The risk of biochemical recurrence (BCR) after radical prostatectomy for prostate cancer depends on the site of positive surgical margins (PSMs) in the biopsy[?]specimen, according to researchers.
“Men with PSMs at the base and anterior margins of the prostate have a worse prognosis and should be considered candidates for adjuvant treatment due to their very high likelihood of BCR,” the investigators concluded in BJU International (2009; published online ahead of print).
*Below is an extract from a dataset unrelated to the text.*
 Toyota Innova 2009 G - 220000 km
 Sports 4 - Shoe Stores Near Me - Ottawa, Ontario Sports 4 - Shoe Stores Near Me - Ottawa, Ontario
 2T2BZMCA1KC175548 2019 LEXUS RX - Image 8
In a study of 1,308 men who underwent radical surgery for prostate cancer, Herbert Lepor, MD, and colleagues at New York University School of Medicine, in New York City, examined the relationship between the location of PSMs and biochemical recurrence. The researchers defined BCR as three consecutive rises in PSA level, with a peak level of at least 0.15 ng/mL. The researchers had more than five years of follow-up data for 246 patients.
Overall, 128 men (9.8%) had one or more PSMs. The site, but not the number, of PSMs, influenced the five-year actuarial BCR rates. Solitary PSMs at the base, anterior, posterolateral, apex, and posterior margins were associated with a 100%, 80%, 49.7%, 41.5%, and 38.3% probability of BCR at five years. Baseline PSA level, Gleason score and perineural invasion independently predicted PSMs.